** SUPPLIED INFORMATION **
☆ ☆ ☆ ☆
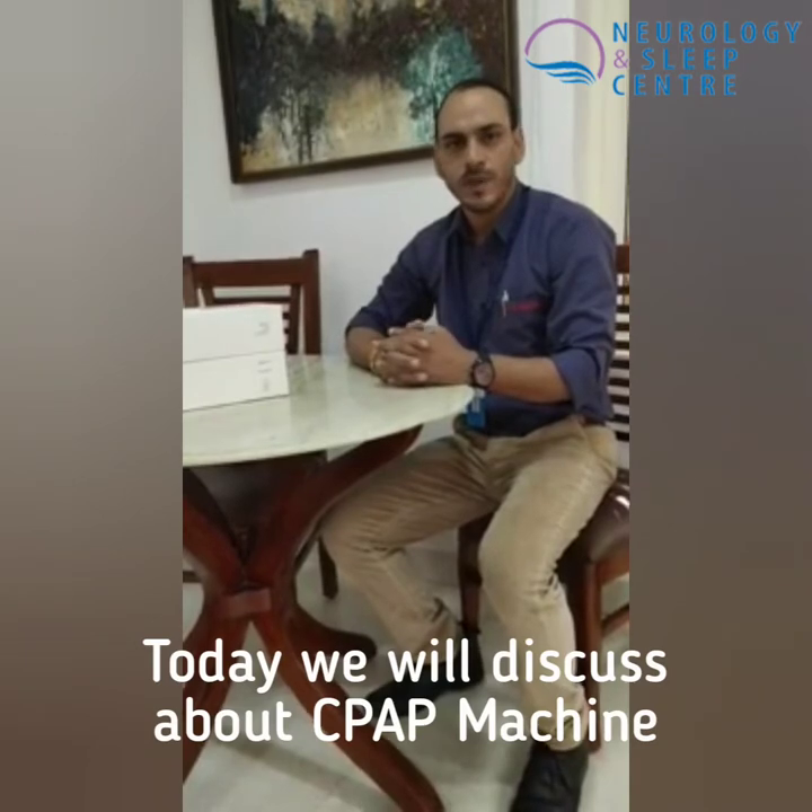Good morning. I am a Sleep Manager in the Neurology Sleep Center. Today, I am going to talk about CPAP machines.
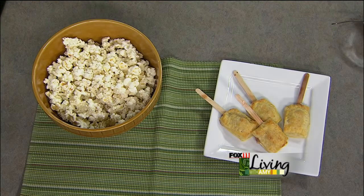Thank you, very fun. You can get these recipes on our website, Fox11online.com — click on the Living tab and recipes, and they'll be right there. We'll be right back, stay with us.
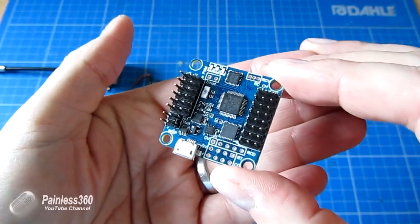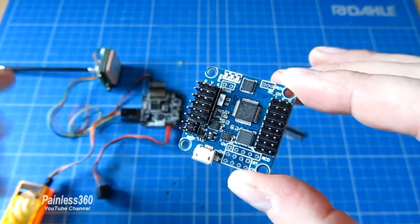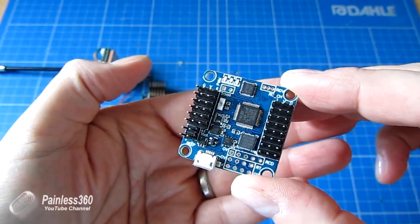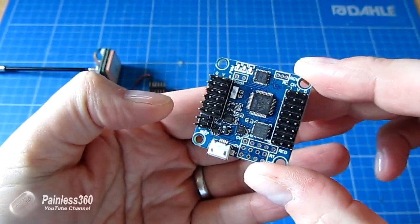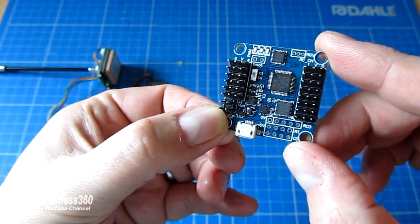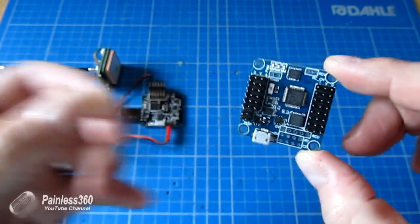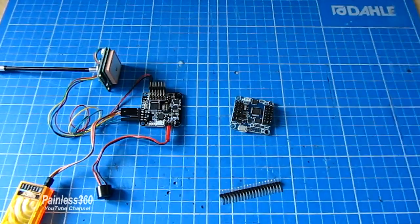This board is the Flip32, which is a different implementation of everything that's on the other board. As you can see it has more traditional three pin headers for both the RC inputs and also the motor outputs. It still has all the pins for things like the voltage sensing, the buzzer, but also pins for a UART, an I2C connector and other things as well. So it gives you all of the same functionality as the original NAZE32 but at a lower price point.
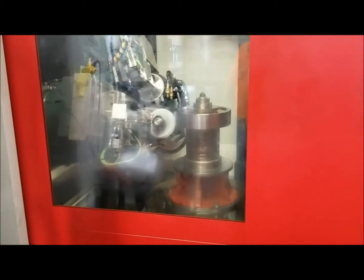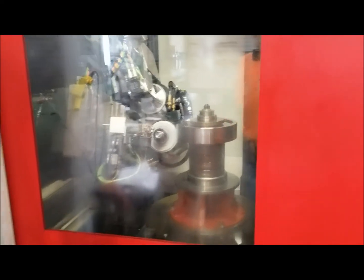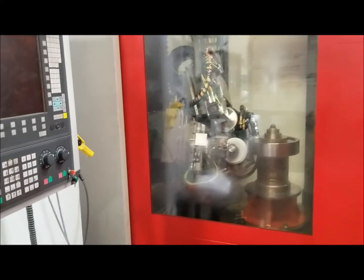As you can clearly see, we are now grinding our helical bull gear to the exact same pitch diameter specifications. Please stay tuned and continue to watch this video for the step-by-step process.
☆ ☆ ☆ ☆
The whole listing above is to be repeated exactly, apart from its pictures.

** TASK RESPONSE **
Good morning. I am a Sleep Manager in the Neurology Sleep Center. Today, I am going to talk about CPAP machines.
Thank you, very fun. You can get these recipes on our website, Fox11online.com — click on the Living tab and recipes, and they'll be right there. We'll be right back, stay with us.
This board is the Flip32, which is a different implementation of everything that's on the other board. As you can see it has more traditional three pin headers for both the RC inputs and also the motor outputs. It still has all the pins for things like the voltage sensing, the buzzer, but also pins for a UART, an I2C connector and other things as well. So it gives you all of the same functionality as the original NAZE32 but at a lower price point.
As you can clearly see, we are now grinding our helical bull gear to the exact same pitch diameter specifications. Please stay tuned and continue to watch this video for the step-by-step process.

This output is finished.